Emmanuel Dennis (£20m), Taiwo Awoniyi (£17m) and Neco Williams (£16m) go down as big-money arrivals already – by promoted clubs’ standards – but the fee for Gibbs-White would dwarf those figures. It is more than twice the amount spent on club-record signing Dennis and mirrors the spending of the Big Six.
They are the only Premier League clubs to have spent more on a single player this summer: Gabriel Jesus (Arsenal, £45m), Marc Cucurella (Chelsea, £60m), Raheem Sterling (Chelsea, £47.5m), Darwin Nunez (Liverpool, £85m), Erling Haaland (Man City £51m), Kalvin Phillips (Man City, £50m), Lisandro Martinez (Man Utd, £56.7m), and Richarlison (Tottenham, £60m).

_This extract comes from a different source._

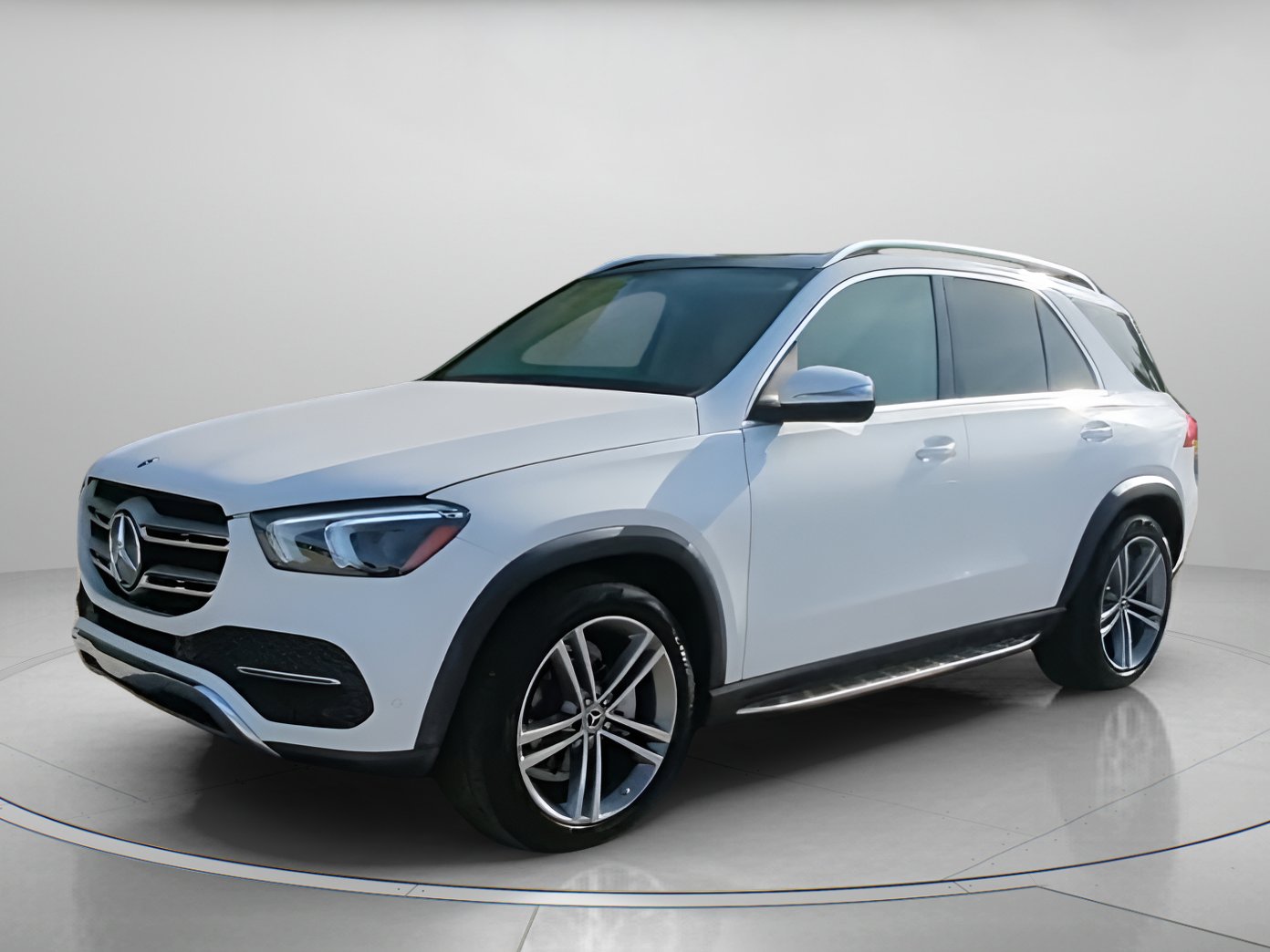 Used 2022 Mercedes-Benz GLE 350 image 13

That lays out why the Gibbs-White move is such a significant gamble. With previous outcomes plain for all to see, Forest CEO Dane Murphy explained earlier this summer that the club are all too aware of the fine balance between signing new recruits and trusting the squad that won promotion.

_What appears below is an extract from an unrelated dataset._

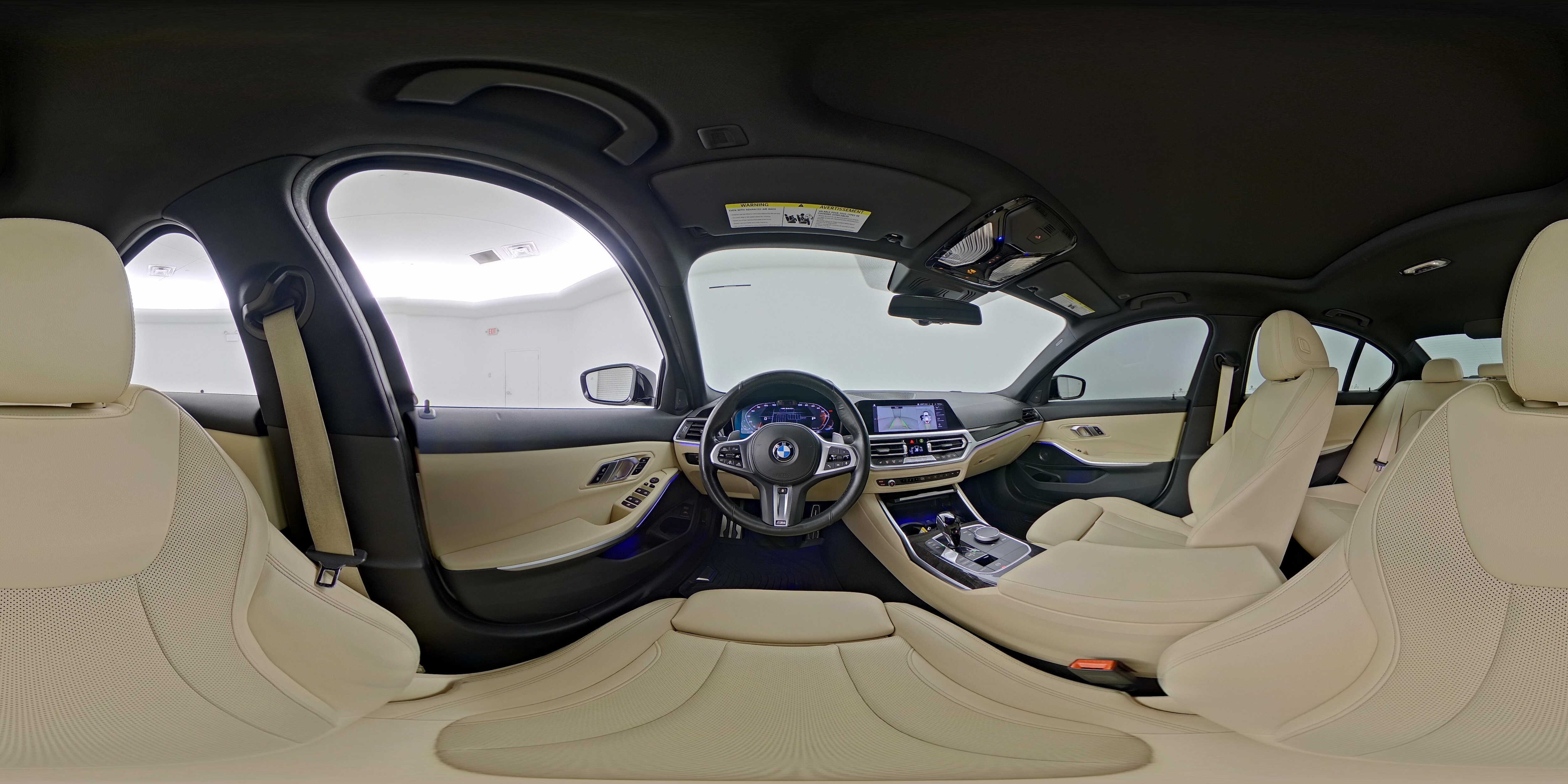 2022 BMW 3 Series M340i - Photo 29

“We have a very strong owner who is not afraid to invest in the club and make sure it becomes the Premier League club it should be, in all facets of the business,” Murphy told US radio station Sirius XM.
Nottingham Forest summer transfers
Signing Gibbs-White for £42.5m would take Forest’s summer spending to £149.4m.
Sorted by reported fees
- Emmanuel Dennis – Watford, £20m
- Taiwo Awoniyi – Union Berlin, £17m
- Neco Williams – Liverpool, £16m
- Orel Mangala – Stuttgart, £12.7m
- Remo Freuler – Atalanta, £9m
- Moussa Niakhate – Mainz, £8.7m
- Omar Richards – Bayern Munich, £8.5m
- Lewis O’Brien – Huddersfield, £6m
- Giulian Biancone – Troyes, £5m
- Harry Toffolo – Huddersfield, £4m
- Cheikhou Kouyate – Crystal Palace, free
- Jesse Lingard – Manchester United, free
- Wayne Hennessey – Burnley, free
- Brandon Aguilera – Alajuelense, undisclosed
- Dean Henderson – Manchester United, loan
“There have been a few clubs who have gone up and spent an inordinate amount of money and then gone back down, and it hasn’t worked. In recent years you can look at Brighton and Brentford, even Sheffield United in the first year they went up: they didn’t spend a lot of money, they kept a core group of players that brought them up and tried to build off it. Sometimes in the second year it works, sometimes it doesn’t.
“I think it’s finding the balance between investing and making your team that much better to compete week in, week out, but still having your core group of guys.”
With each transfer the prospect of this core from last season contributing to this year’s cause diminishes, however, but despite Marinakis’ backing it is the task of head coach Steve Cooper to keep this squad happy and fighting on a united front.
It could go one of two ways, but Marinakis will hope £150m guarantees survival.